PROVIDED MATERIAL START

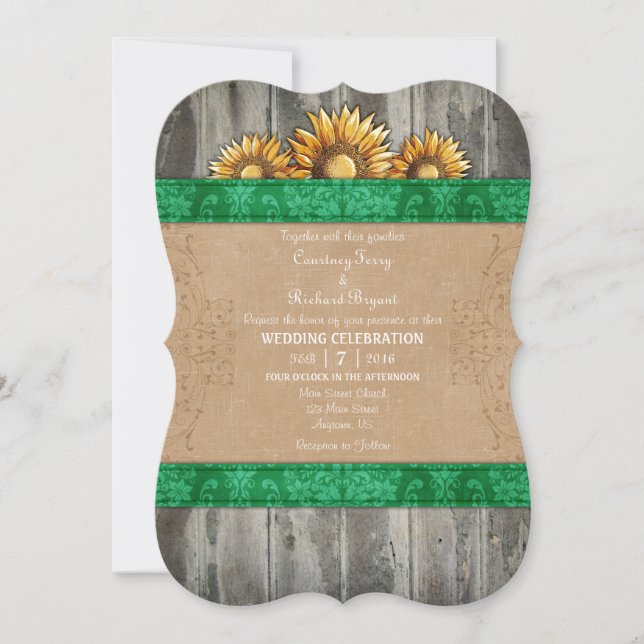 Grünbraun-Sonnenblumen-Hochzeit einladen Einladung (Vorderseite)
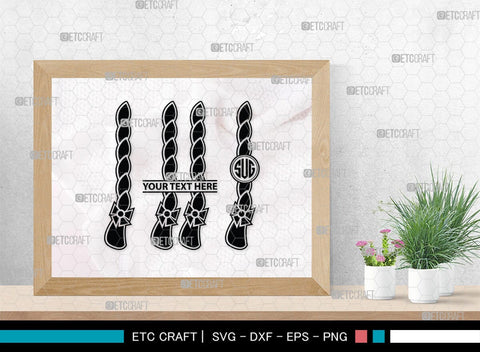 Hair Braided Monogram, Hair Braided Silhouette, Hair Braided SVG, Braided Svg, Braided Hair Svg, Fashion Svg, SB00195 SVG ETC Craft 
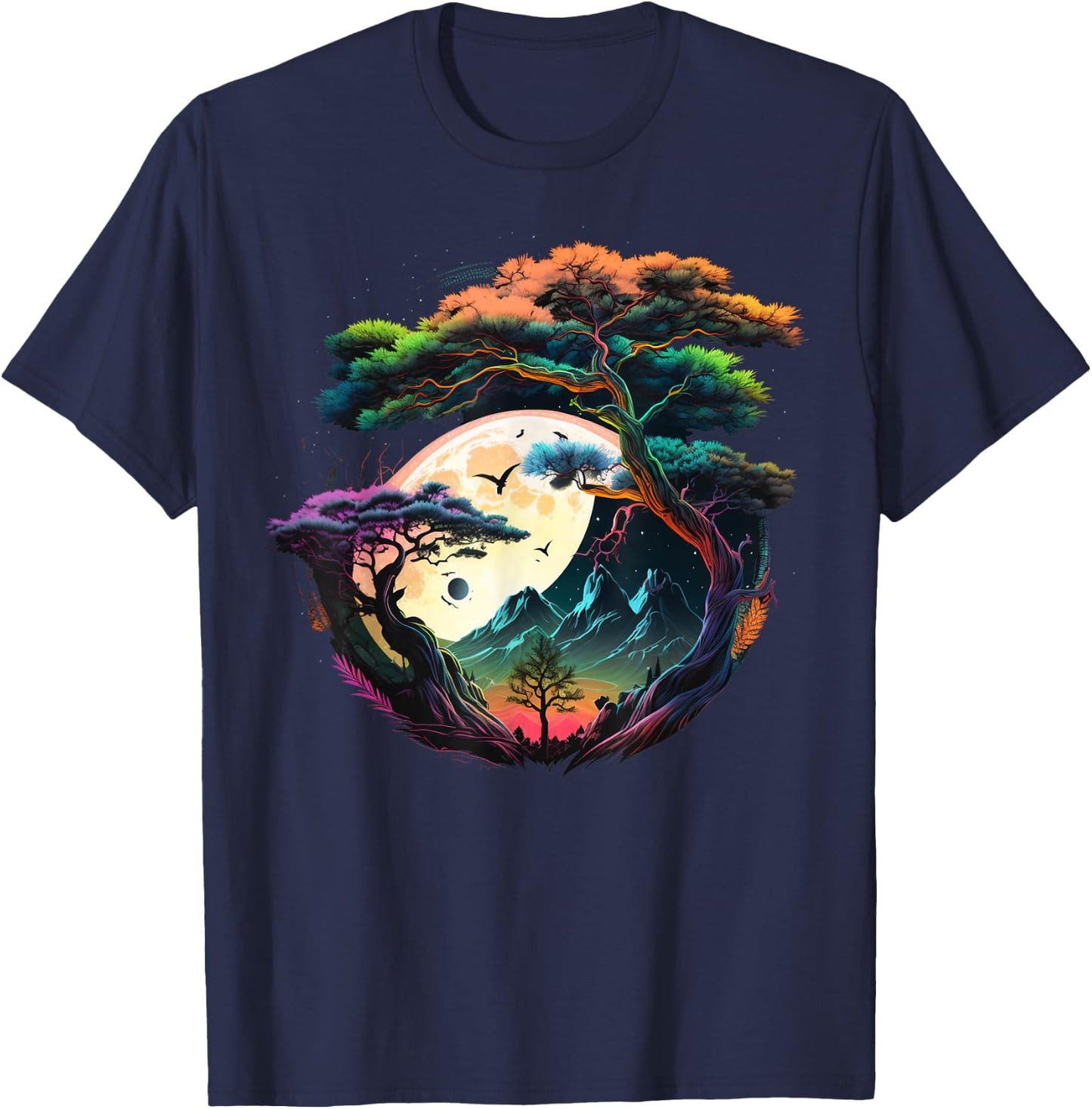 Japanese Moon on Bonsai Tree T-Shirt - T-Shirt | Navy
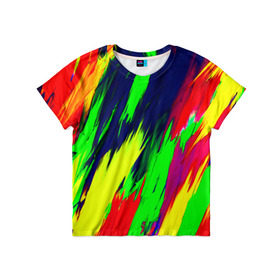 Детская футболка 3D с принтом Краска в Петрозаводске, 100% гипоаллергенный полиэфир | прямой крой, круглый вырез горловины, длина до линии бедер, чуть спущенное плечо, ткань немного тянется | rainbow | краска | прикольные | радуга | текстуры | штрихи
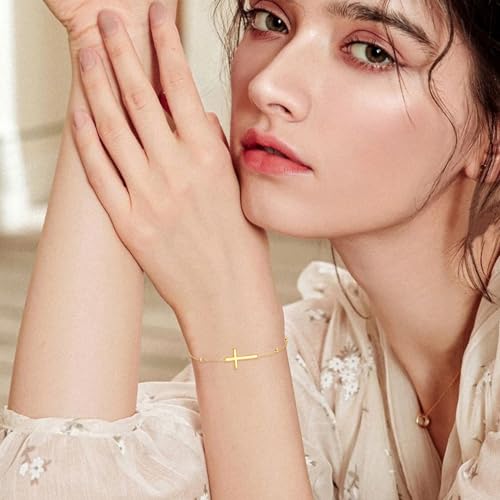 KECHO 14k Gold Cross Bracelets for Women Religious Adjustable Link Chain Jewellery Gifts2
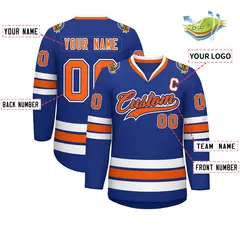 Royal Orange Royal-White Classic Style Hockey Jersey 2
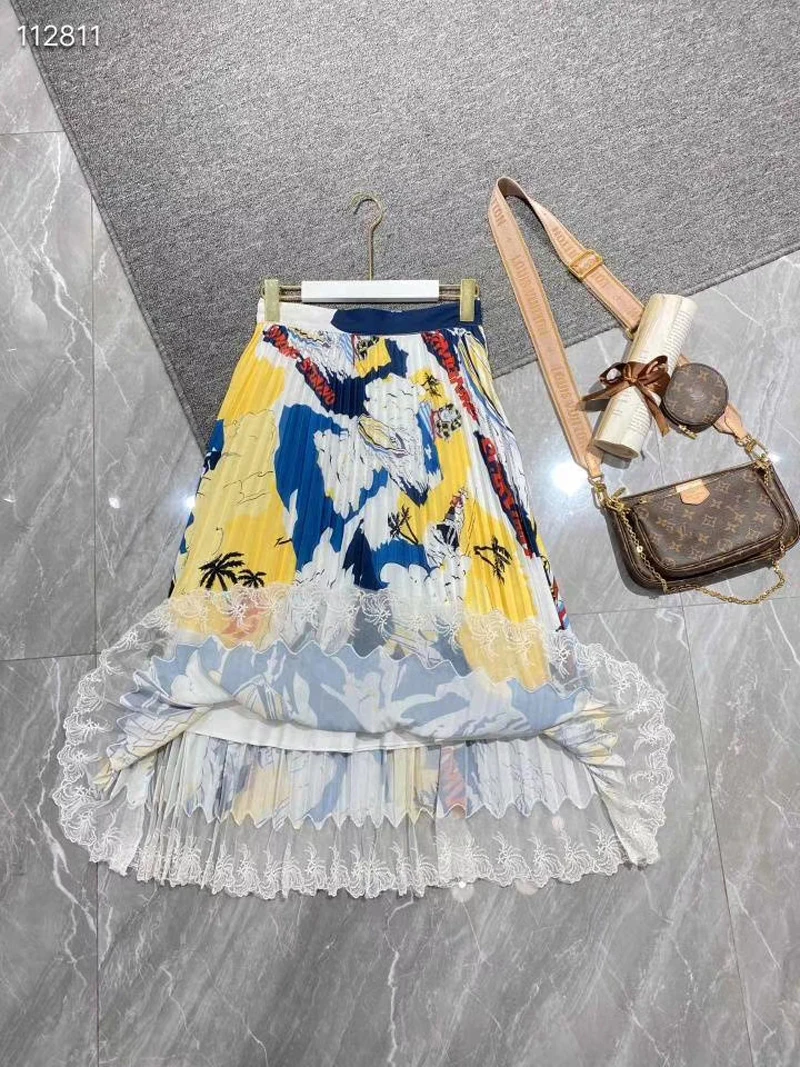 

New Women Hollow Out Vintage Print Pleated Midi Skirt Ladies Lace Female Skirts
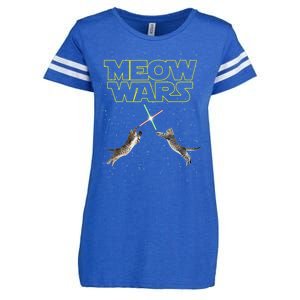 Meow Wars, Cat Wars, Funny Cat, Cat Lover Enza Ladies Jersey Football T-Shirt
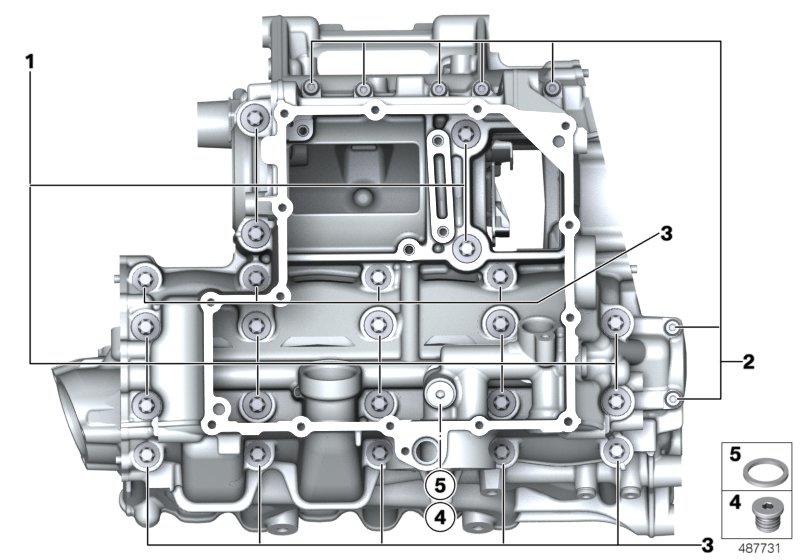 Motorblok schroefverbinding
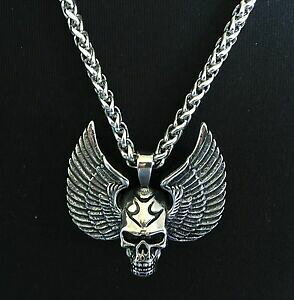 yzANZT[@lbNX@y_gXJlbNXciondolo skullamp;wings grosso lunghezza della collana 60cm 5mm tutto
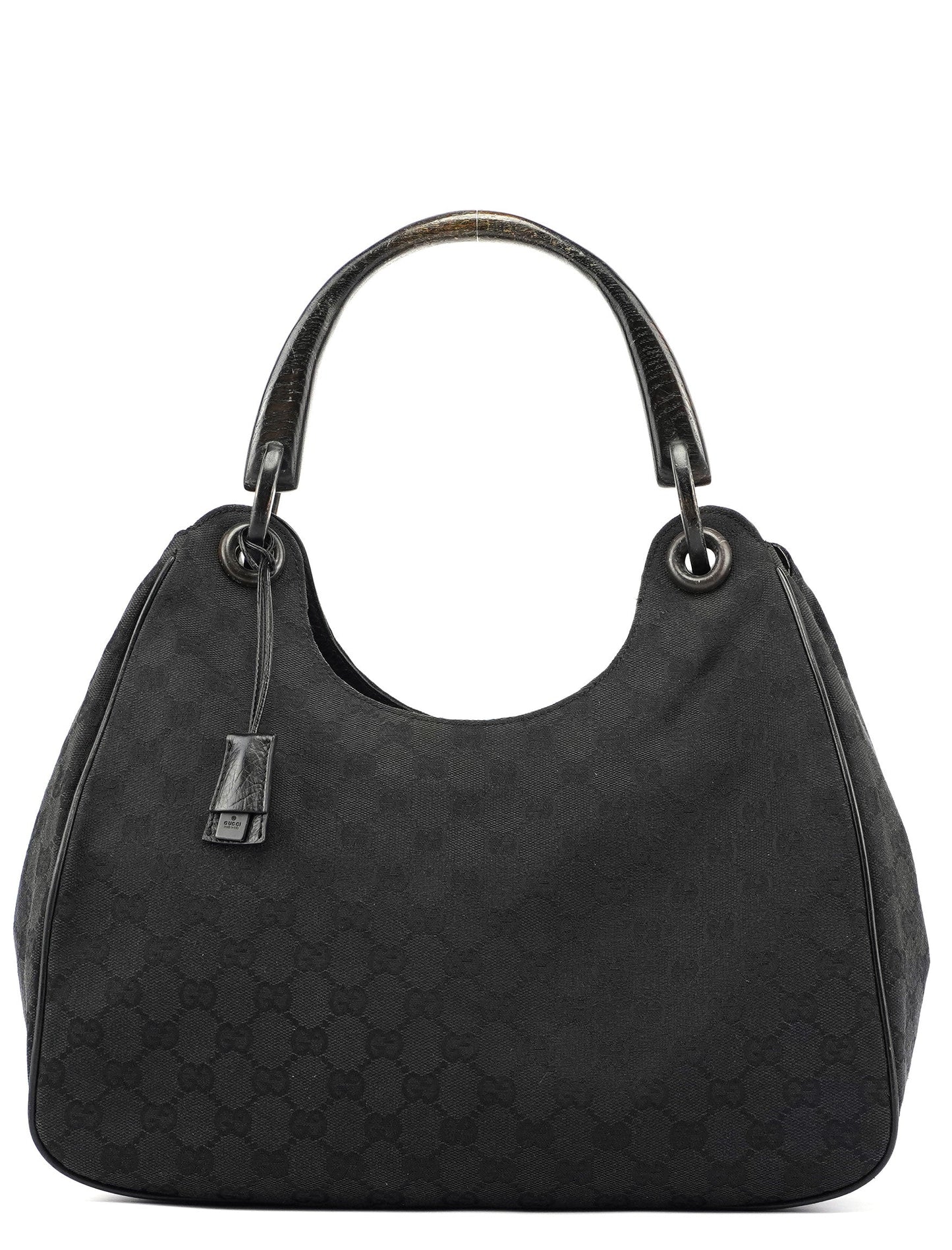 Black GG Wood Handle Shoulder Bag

PROVIDED MATERIAL END

Reproduce verbatim every line starting at the line that holds "Royal Orange Royal-White" and ending with the final line of the data; omit the pictures.

 Royal Orange Royal-White Classic Style Hockey Jersey 2

New Women Hollow Out Vintage Print Pleated Midi Skirt Ladies Lace Female Skirts
 Meow Wars, Cat Wars, Funny Cat, Cat Lover Enza Ladies Jersey Football T-Shirt
 Motorblok schroefverbinding
 yzANZT[@lbNX@y_gXJlbNXciondolo skullamp;wings grosso lunghezza della collana 60cm 5mm tutto
 Black GG Wood Handle Shoulder Bag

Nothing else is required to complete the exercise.